__BRIEF__.
Beginning with the line containing "کفتر کرمونی و بوم" and ending at the last line of the records, transcribe each line exactly. Do not include pictures.

__Crawled caption data__.

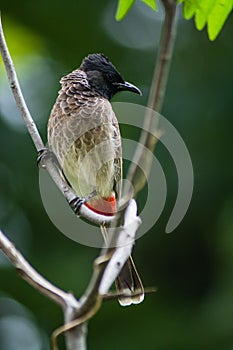 Red-vented bulbul sitting on a tree branch.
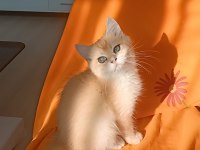 Full şecereli ny 12 erkek british shorthair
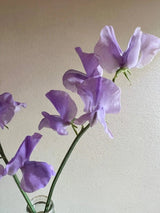 Sweet Pea Spencer Leamington Seeds - Dandys Landscape Supplies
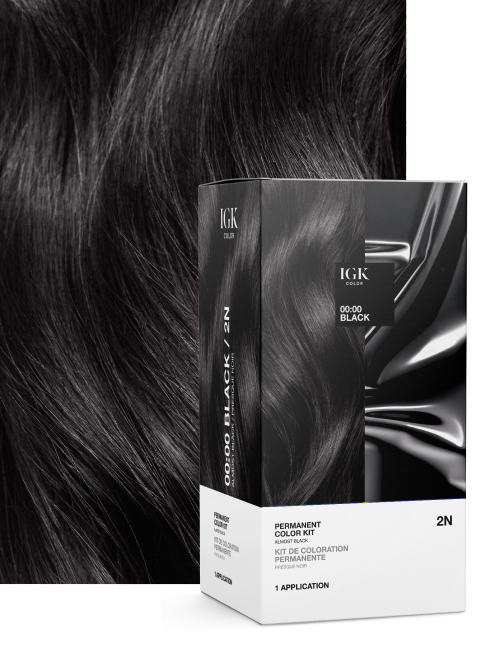 Permanent hair color swatch - Black 2N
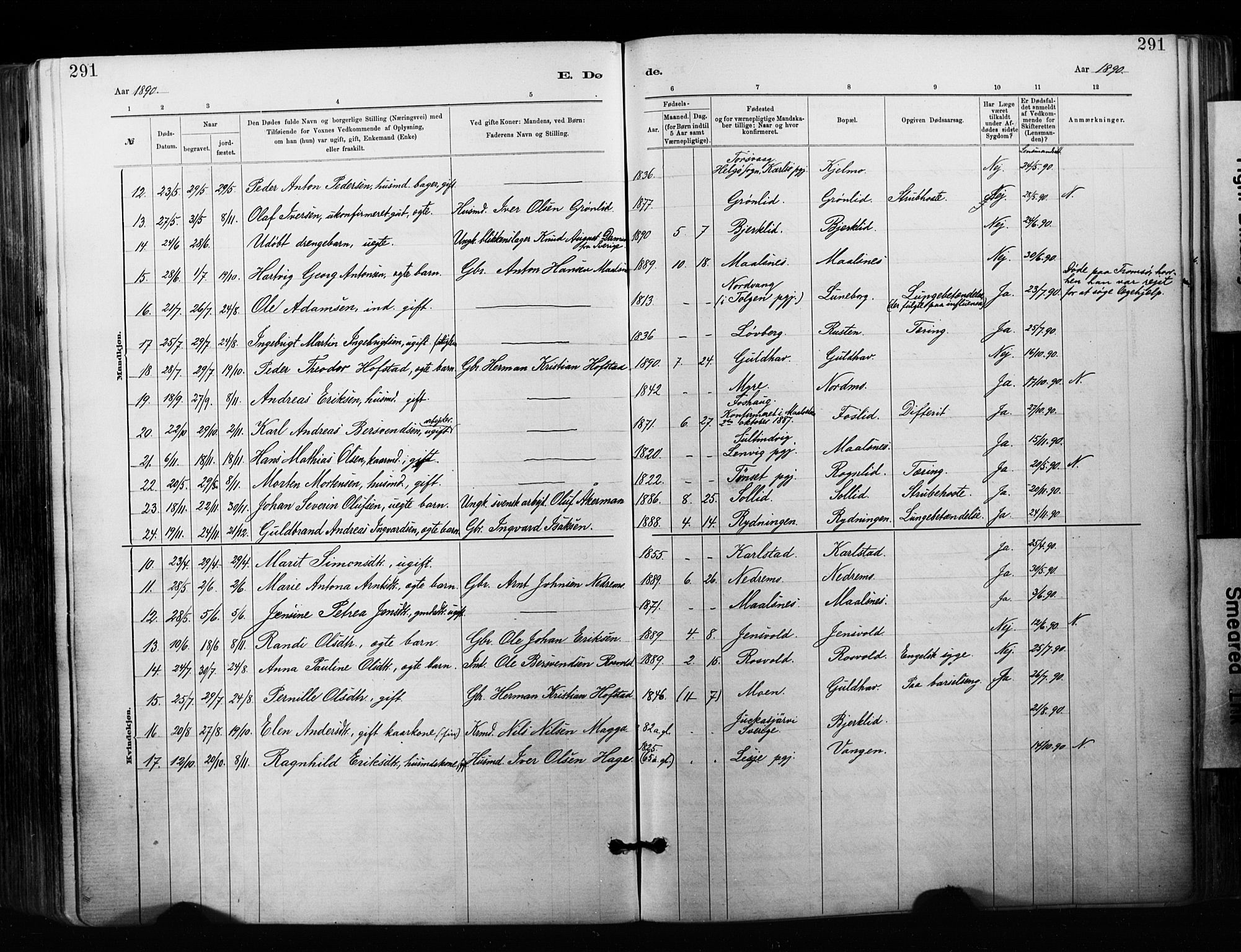 Målselv sokneprestembete, AV/SATØ-S-1311/G/Ga/Gaa/L0007kirke: Ministerialbok nr. 7, 1884-1903, s. 291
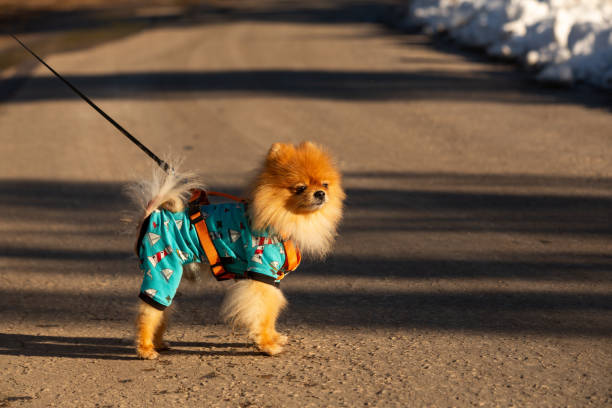 istock A pomeranian dog on a leash 1411710286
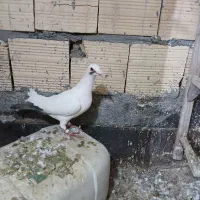 کفتر کرمونی و بوم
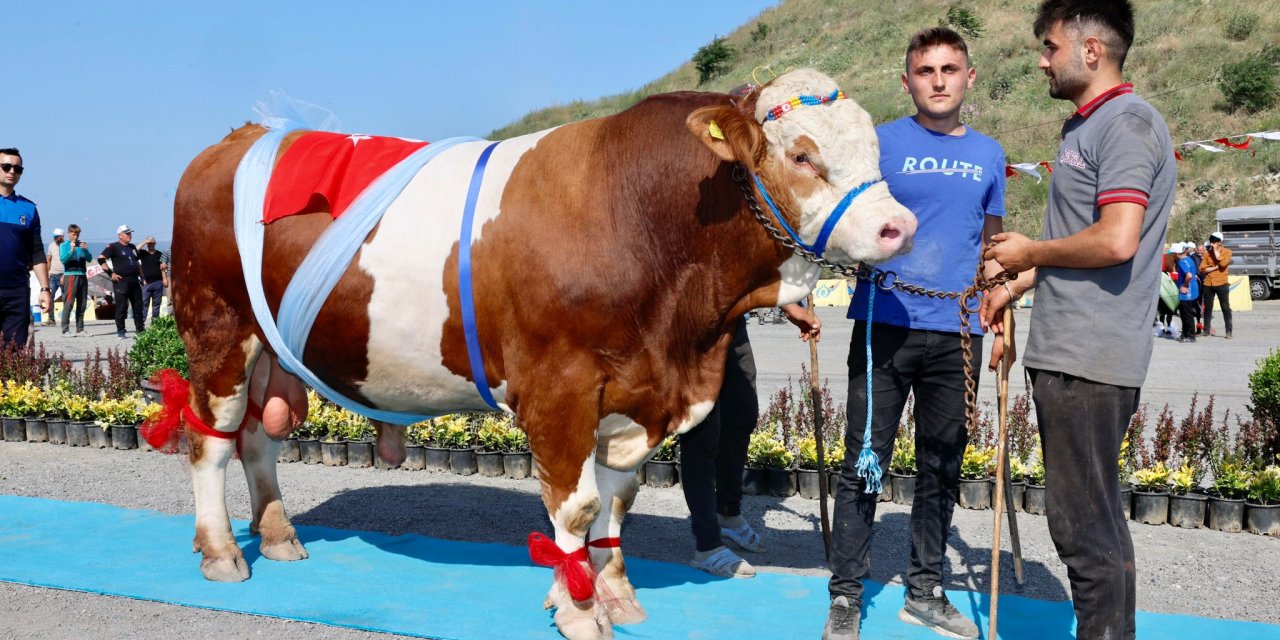 Kurbanlıklar Güzellik Yarışmasına Katıldı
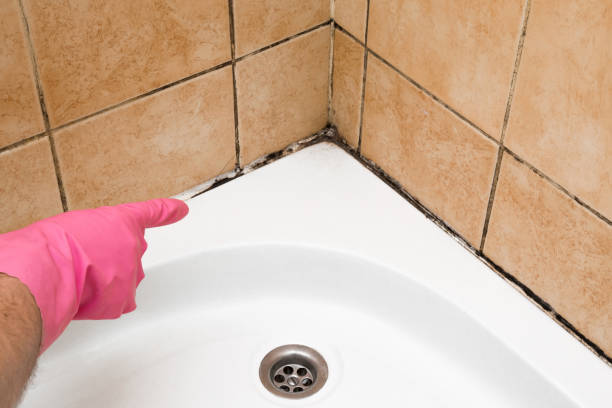Best Affordable Mold Removal  in New Baden, IL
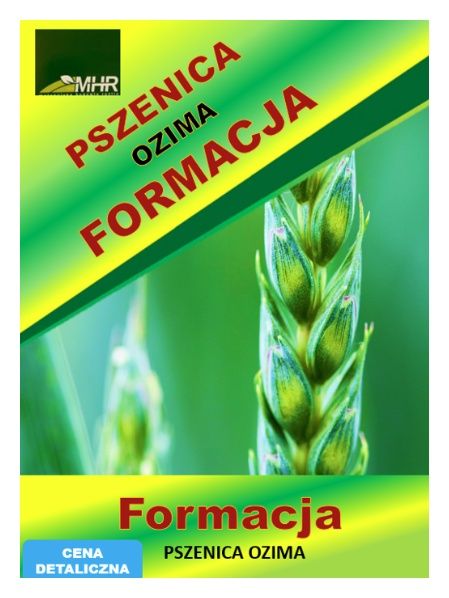 Pszenica zwyczajna ozima Formacja C1 BB 1000Kg MHR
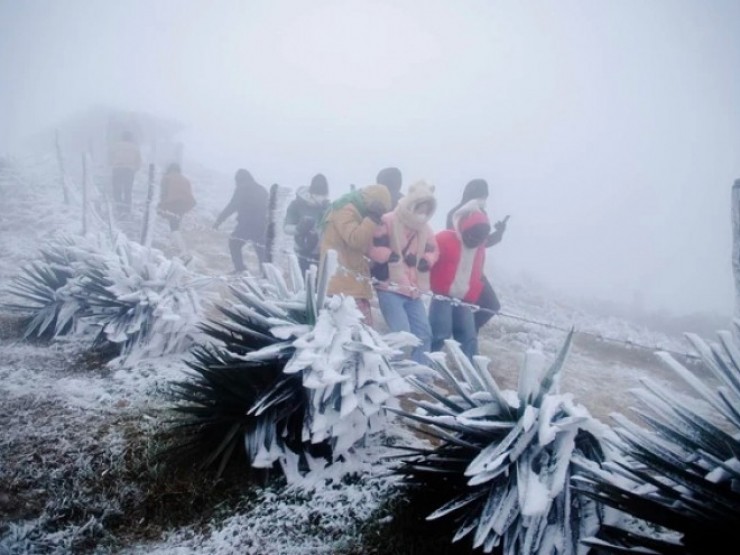 Miền Bắc chìm trong không khí lạnh, khả năng xuất hiện băng giá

__EXERCISE OUTPUT__.
 کفتر کرمونی و بوم
 Kurbanlıklar Güzellik Yarışmasına Katıldı
Best Affordable Mold Removal  in New Baden, IL
 Pszenica zwyczajna ozima Formacja C1 BB 1000Kg MHR
 Miền Bắc chìm trong không khí lạnh, khả năng xuất hiện băng giá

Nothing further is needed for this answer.